During the Cold War, large universities across the country served as a breeding ground for protest movements and student activism at large. Combined with dramatic changes in education funding and increased technological emphasis, they came to be known as “Cold War Universities.”

Close to home, the University of Wisconsin-Madison was an example of this concept, says Matthew Levin. He's the author of Cold War University: Madison and the New Left in the 1960s.

“What defines it is [a] development in higher education after WWII, the early years of the Cold War, where the federal government kind of steps in in ways that it hadn’t done before,” Levin says.

He adds that federal influence “changed some of the purposes of higher education” to focus more on improving national defense and keeping the U.S. on the cutting edge of the technological race against the Soviets. 

At the same time, large universities like Madison experienced a huge influx of students.

“You of course get the returning veterans after WWII, and then later on you get the baby boom generation,” Levin explains. “You definitely get students that are influenced in ways by the culture around them that didn’t exist prior to the Cold War . . . growing up in a time of constant threat that had not existed in the past.” This threat, of course, was the introduction of nuclear weaponry. 

Levin says this atmosphere helped to create what he calls the contradictions of Cold War-era higher education.

“Along with the increasing student body, you get more and more students who are more likely to question what they’re seeing around them,” he says. “So even as the Cold War is expanding universities and changing [their] direction in some ways, it’s feeding this emergence of dissent.” 

But what made UW-Madison distinct from other Cold War universities?
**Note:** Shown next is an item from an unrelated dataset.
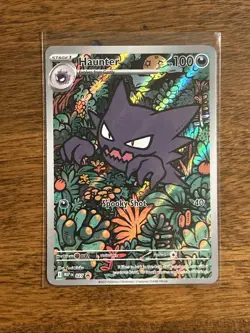 Pokemon Haunter Illustration Rare Holofoil ME: Mega Evolution Promo 027 NM A - Image 1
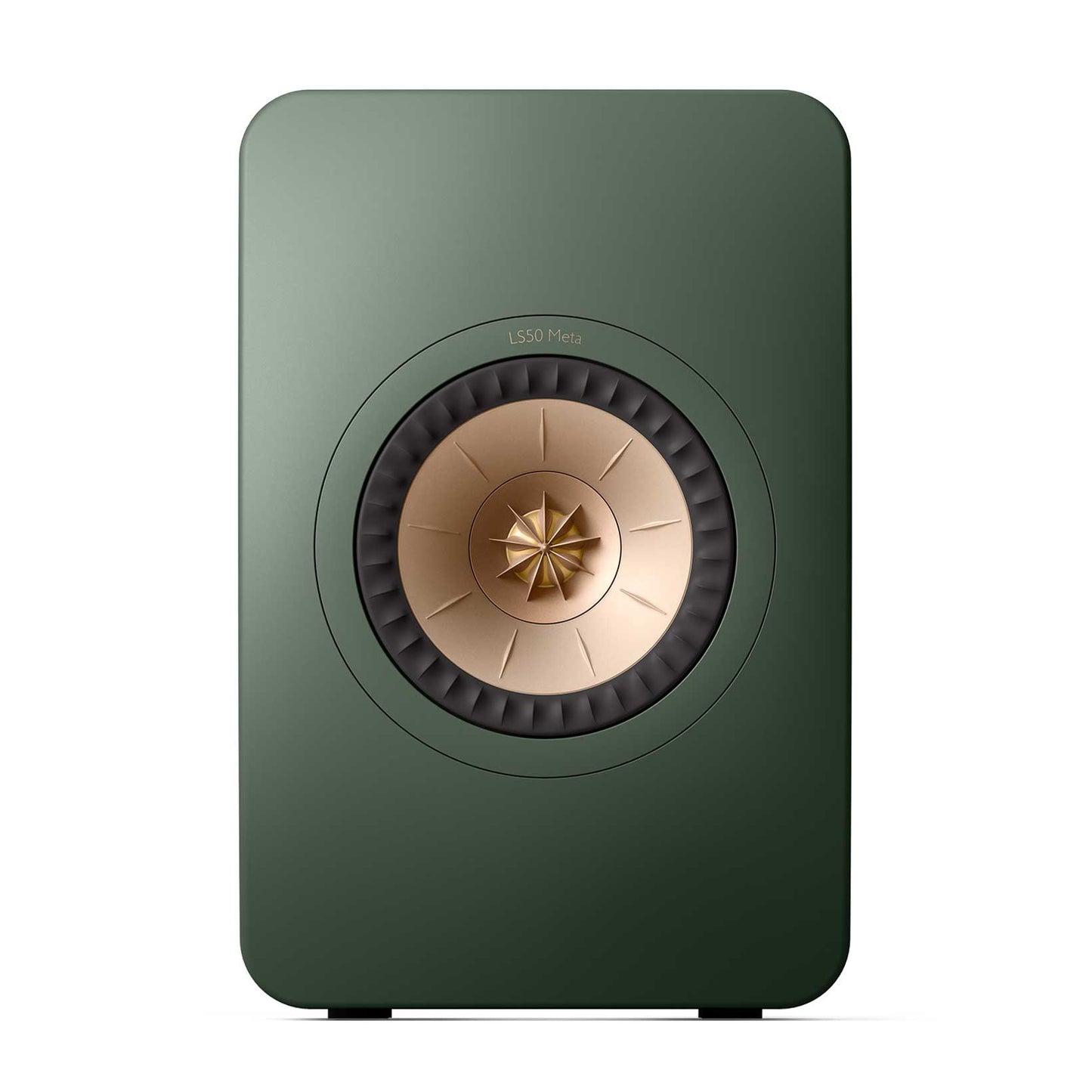 KEF LS50 Meta Moss Green Front View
While student activism was common to many large universities, Levin says Madison students and faculty were busy theorizing on how to “make this movement into something lasting.” Levin points to Madison’s “intellectual community,” a unique environment filled with “professors who are engaged in kind of a intellectual project to rethink American policies, especially foreign policy; to consider what a new direction on the left what look like.” 

Additionally, while many student protest movements centered around anti-Vietnam War demonstrations, Levin says the goals of Madison protesters were more focused.

“The students don’t just go out and demonstrate against the Vietnam War in an ambiguous sense,” he says. Students were able to “focus in on the university and its sponsorship, its participation in the Vietnam War and in the Cold War, and its close partnership with the federal government.” 

So has this tradition of student activism persisted to today? Levin is skeptical. “We are a far cry from the activism . . . [of] the 1960s,” Levin notes. He says student protest effort “was always a minority movement,” but without the Vietnam War to focus the activist spirit, “today it’s even a smaller minority of students.” 

Levin’s book is published by the University of Wisconsin Press. When not conducting research, Levin also teaches high school social studies in McFarland, Wis.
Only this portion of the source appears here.